Alaska Cultural Connections: Impressions of the City

Nuiqsut is both one of the newest communities on the North Slope and one of the oldest. The area was inhabited for centuries by the Iñupiat, and then abandoned for Barrow. In 1973 former community members decided to resettle the area and build a village far from the bustle of the regional hub. But just twenty-five years later, the bustle came to them in the form of Alpine Oil field. For our rural/urban series, contributor Anne Hillman found out how the community –and communication — adapted to being in the cross section of two worlds.

Elder Lydia Sovolik grew up in the Colville Delta, home to the modern day community of Nuiqsut.
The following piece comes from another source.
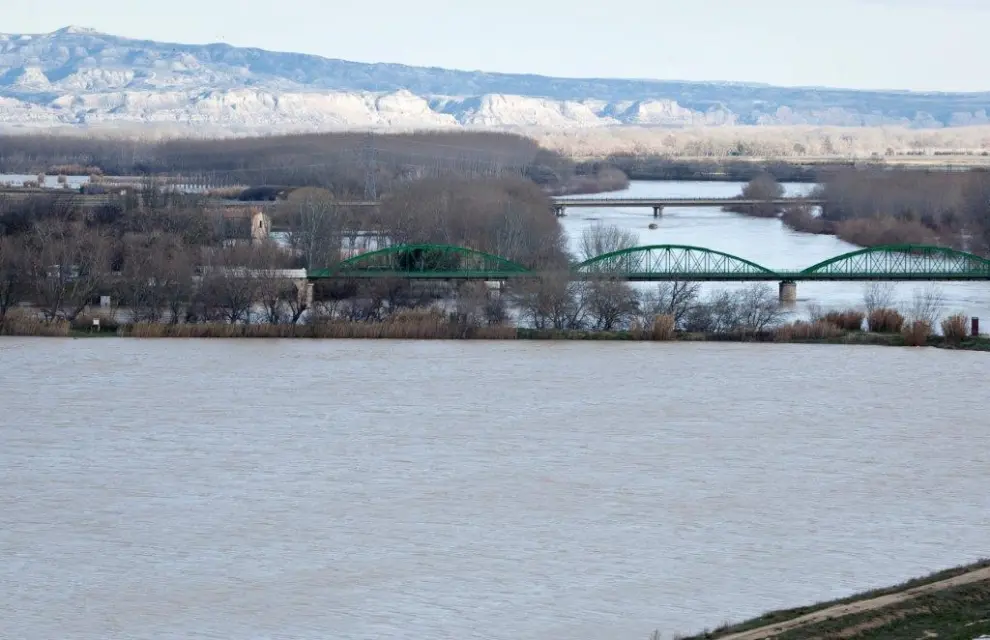 Crecida del río Ebro a su paso por Gallur en 2013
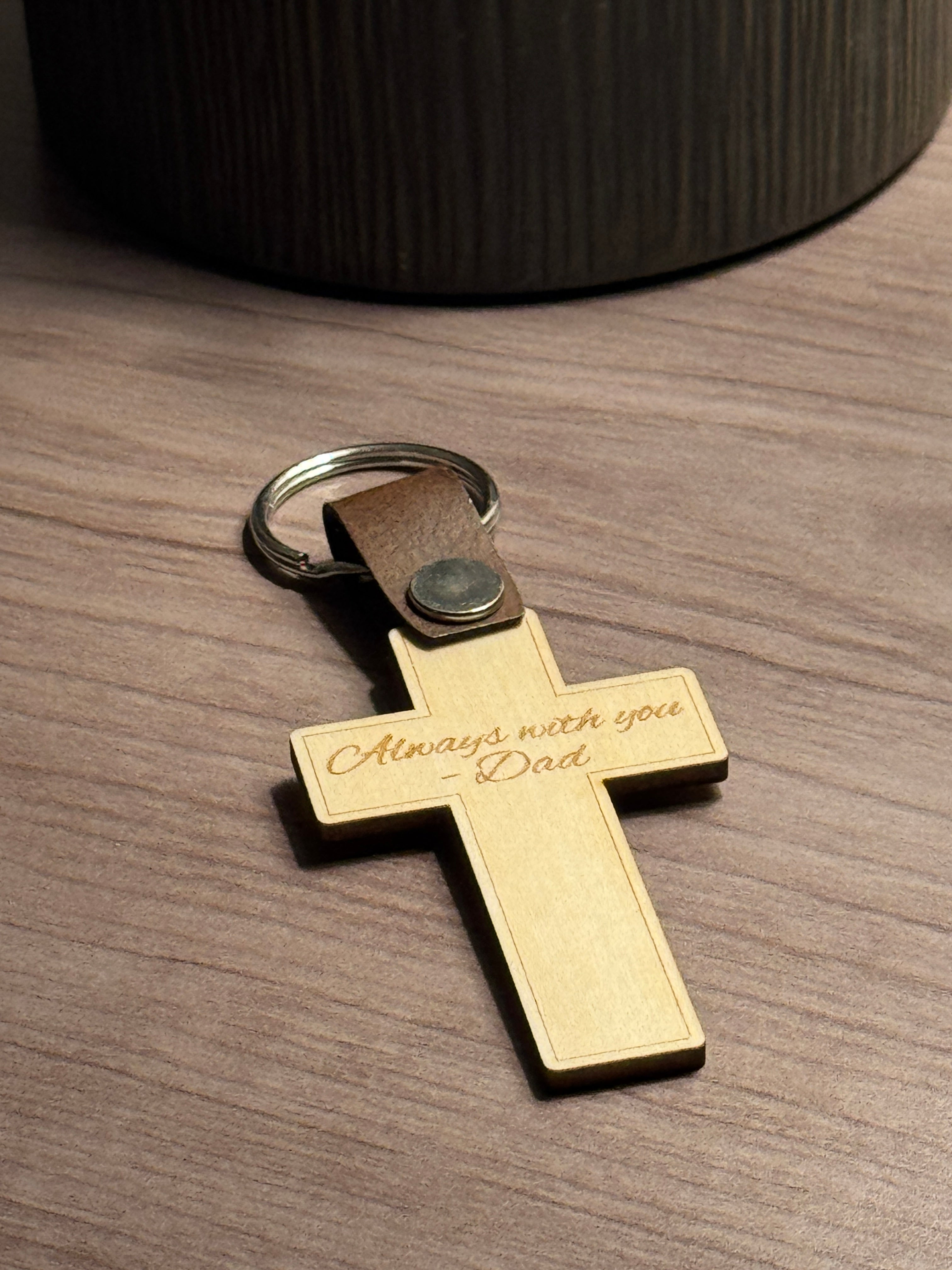 Custom Engraved Wooden Cross Keychain | Leather Strap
“I always had my dog team. Had fun with my dog team (laugh) hunting squirrel, hunting ptarmagin,” Sovolik said.

Her family was one of the last to leave the area in 1948 for Barrow, a larger town with schools. When they lived in Barrow she worked as a waitress in different restaurants. But eventually, it became too much.

“Eeeh, too much alcohol. That’s how come we want to move back here. Too much. Can’t stay dry over there,” Sovolik said.

So they joined a group that wanted to re-establish a settled community in the Delta. She arrived in Nuiqsut on the back of a snow machine in 1973 and moved into a tent with her children and the rest of the new settlers.

“Lot of people always make a lot of donuts. You could smell ‘em from outside…. And we’d always get a plane. Lot a times the plane would land in the street. Or by the bank,” Sovolik said.

Now, Nuiqsut boasts perfectly straight streets lined with wooden houses, a school, a store, churches, an airport… And oil. Elder Joe Nukapigak says his ancestors knew about the oil in the region.

“They would come to the certain places where there’s an oil seep and in those years they would dig up the oil soaked tundra and use it to heat their sod houses and whatever,” Nukapigak said.

But Nukapigak says that’s not why people returned to the area. They came for the hunting and the fishing – the same things their ancestors sought in the region.

Within 25 years of the founding of Nuiqsut, the subsistence-based community had to start thinking about oil development. James Taalak is the cultural coordinator for the city of Nuiqsut. He says when oil companies first came to the area, they didn’t bother to communicate with the local residents.

“15 to 20 years ago they wouldn’t have even given a community like Nuiqsut a thought. They’d do their regular thing. They’d go to state agencies to get their permits, they’d go to the larger business and the regional corporations to get their okays, but come to a small community and do a meeting? Back then, they wouldn’t have given it a thought. But these days, it’s mandatory,” Taalak said.

Taalak, sitting in the bustling but tiny city office, says that when the oil companies began reaching out to the community, they were in for a shock.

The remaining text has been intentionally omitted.